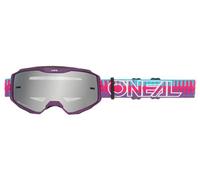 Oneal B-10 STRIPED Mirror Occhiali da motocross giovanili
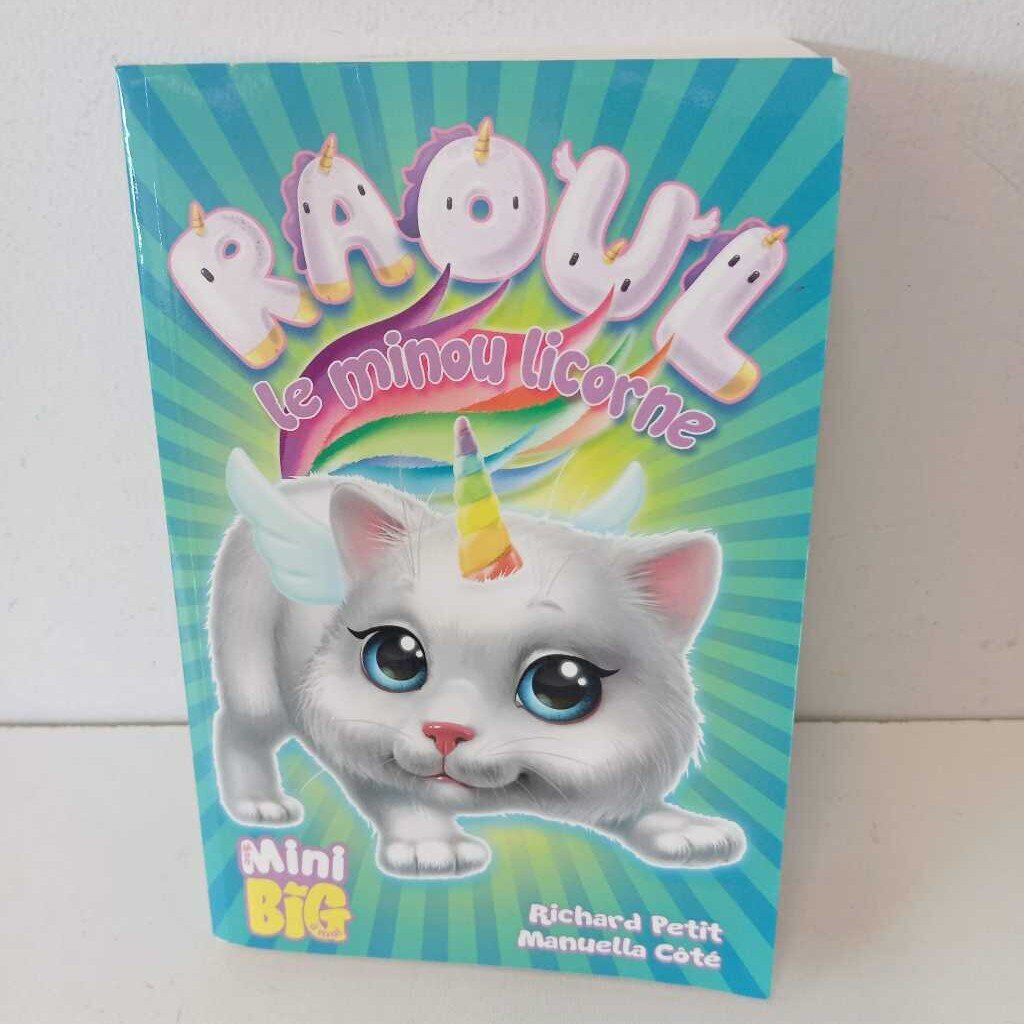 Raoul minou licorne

· · · · ·

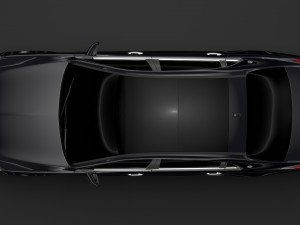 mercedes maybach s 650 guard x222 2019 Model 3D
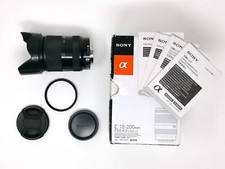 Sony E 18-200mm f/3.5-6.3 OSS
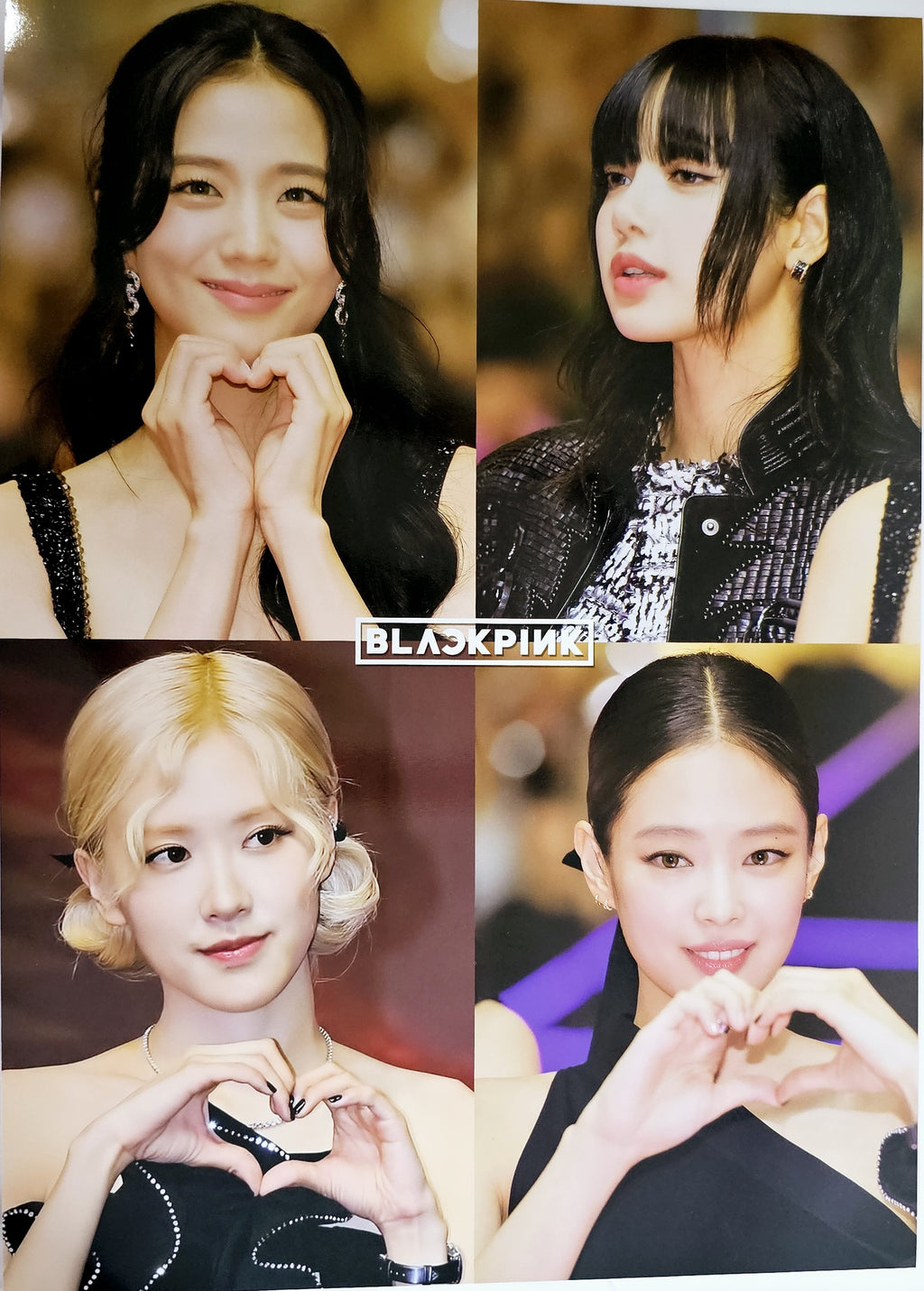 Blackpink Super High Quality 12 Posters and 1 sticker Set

· · · · ·

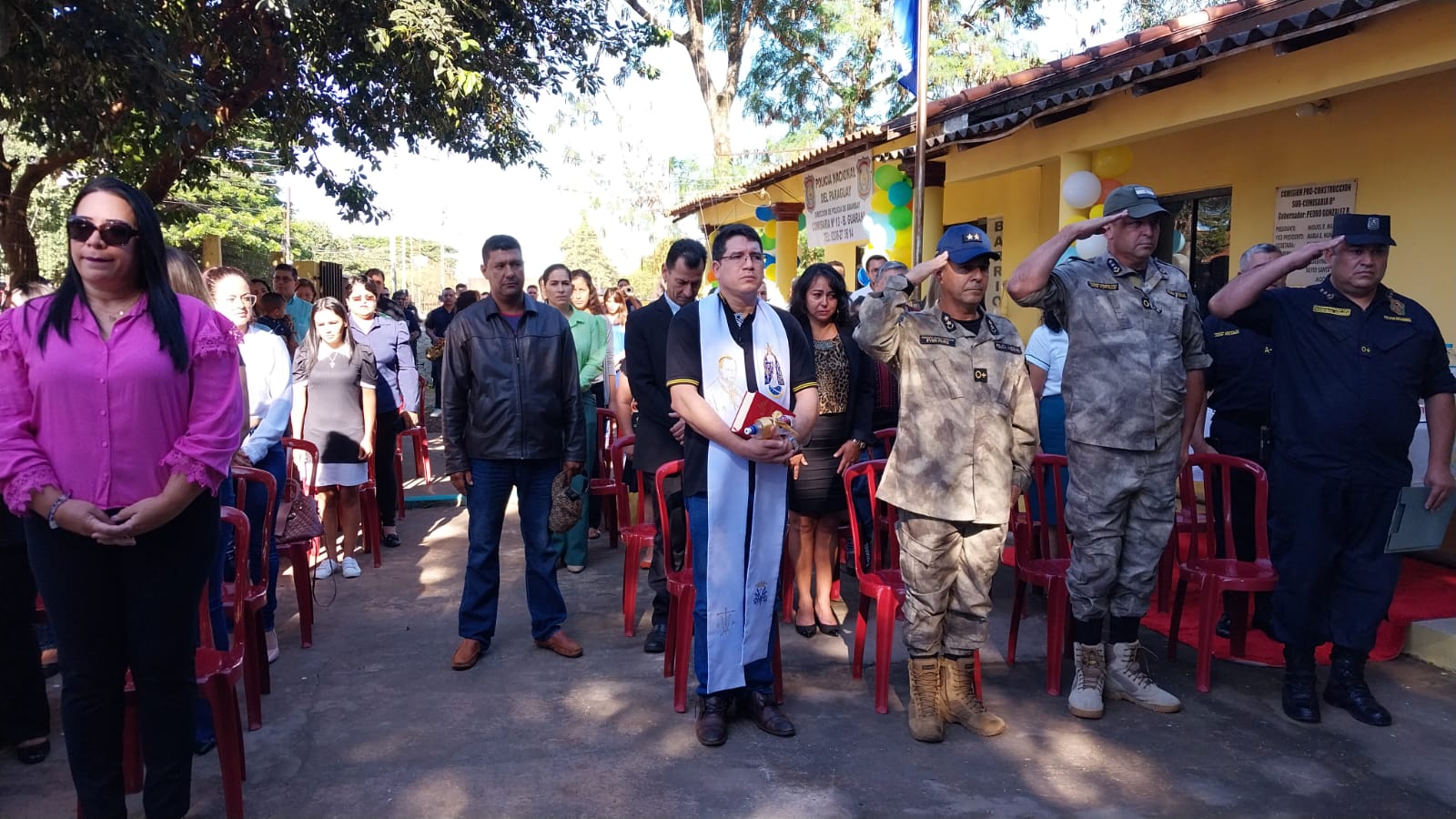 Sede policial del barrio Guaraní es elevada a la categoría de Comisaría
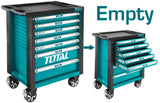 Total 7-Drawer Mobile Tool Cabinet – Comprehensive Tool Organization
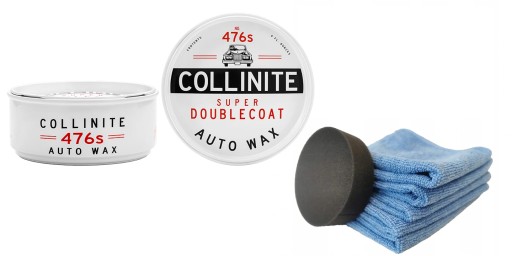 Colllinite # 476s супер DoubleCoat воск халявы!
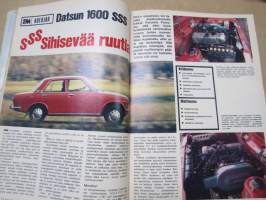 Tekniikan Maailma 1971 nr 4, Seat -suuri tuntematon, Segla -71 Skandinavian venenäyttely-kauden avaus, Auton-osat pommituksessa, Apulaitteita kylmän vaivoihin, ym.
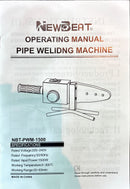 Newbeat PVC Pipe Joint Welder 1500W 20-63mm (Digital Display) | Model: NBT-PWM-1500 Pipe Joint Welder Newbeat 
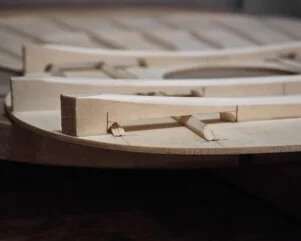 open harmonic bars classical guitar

· · · · ·

_Task directions_
The stretch above running from the line with "Sony E 18-200mm f/3.5-6.3 OSS" through the line with "Blackpink Super High" is all you should copy, exactly, leaving out the pictures.

_Response below_
 Sony E 18-200mm f/3.5-6.3 OSS
 Blackpink Super High Quality 12 Posters and 1 sticker Set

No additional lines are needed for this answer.